TO UNDERSTAND DELAY’S POLITICAL PHILOSOPHY, it helps to consider where he comes from. His hometown of Sugar Land lies in Fort Bend County, twenty miles southwest of Houston. Driving there, I passed an eternal flatness, then a swath of luxury homes, another eternity of flatness, then another swath of houses, and so on. Over the past decade, Fort Bend has become the site of more master-planned communities than any county in the nation. DeLay represents the rise to political prominence of the American suburb.

Sugar Land started out as a colossal plantation. Imperial Sugar’s refinery still towers over town; at night, the company’s name glows steadily in blue, while the words “Pure Cane” blink on and off in red. Decades ago, Imperial sold off various properties to the state, and today signs on all routes leading out of town carry a warning: “Prison Area. Do Not Pick Up Hitchhikers.” At the same time, the county’s average household income is $66,956, compared with a national average of $45,780. Forty-five percent of the households consist of married couples with children, compared with the national average of 26 percent. Sometimes Sugar Land’s affluence gives people who live there a narrow view of the world. Three years ago, for example, DeLay declared there was no need to raise America’s minimum wage because “working families trying to get by on $4.25 an hour don’t really exist.”

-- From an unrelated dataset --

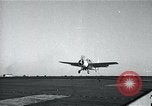 Image of US Navy TBM aircraft landing on carrier Pensacola Florida USA, 1945, second 3 stock footage video 65675040337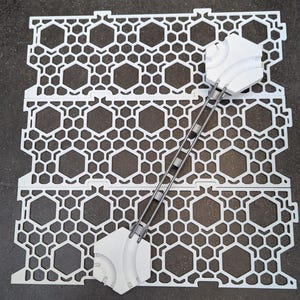 May include: White plastic tiles with a hexagonal pattern and a metal connector. The tiles are designed to be connected together to create a modular floor system.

Born in Laredo, DeLay grew up mostly in Venezuela, where his father worked as a drilling contractor. The family returned to Texas while he was in high school. After graduating from the University of Houston, DeLay bought Albo Pest Control. Unhappy encounters with government pesticide regulations led him to buy a how-to book on campaigns and run for the Texas Legislature in 1978. (DeLay hasn’t forgotten his experience at Albo: He has referred to the Environmental Protection Agency as the Gestapo and has tried to dismantle its enforcement powers.) The first Republican elected to the Legislature from the Fort Bend district this century, DeLay found himself in a House where Republicans had only 23 of 150 members. To get anything accomplished, he had to work with people who did not share his beliefs, and in those days he did so easily. His big issue was transportation, especially the deregulation of the trucking industry. DeLay’s avid free-market philosophy endeared him to the business community. “What Tom advocates is letting the market allocate goods and services,” said Jim Gustafson, a commercial real estate owner and longtime DeLay supporter. “I don’t mean to say government isn’t necessary. But you shouldn’t have politicians deciding everything.” Around this time, Houston attorney Corwin Teltschik and his wife, Carolyn, moved out to Fort Bend and became an integral part of his fundraising apparatus. Michael Stevens, a Houston developer, also became a backer. When DeLay decided to run for Congress in 1984, the aid of businessmen like these helped immensely. DeLay’s timing was impeccable: Ronald Reagan was reelected in a landslide that year, and he carried GOP candidates into office with him. Among those who rode in on his coattails was Tom DeLay.

NOTHING OF FORCE HAPPENS IN Washington unless there is a lot of money behind it. The means by which DeLay transformed himself from an unknown freshman into a heavyweight was his talent for raising funds. One of DeLay’s role models, he told me, was Tony Coelho, who had been the majority whip in the eighties. The California Democrat was perhaps the most assiduous fundraiser the Hill has ever seen; he so excelled at the money game that a book was written about his tactics (Honest Graft: Big Money and the American Political Process). Eventually, Coelho’s methods caught up with him, and he left Congress under a cloud.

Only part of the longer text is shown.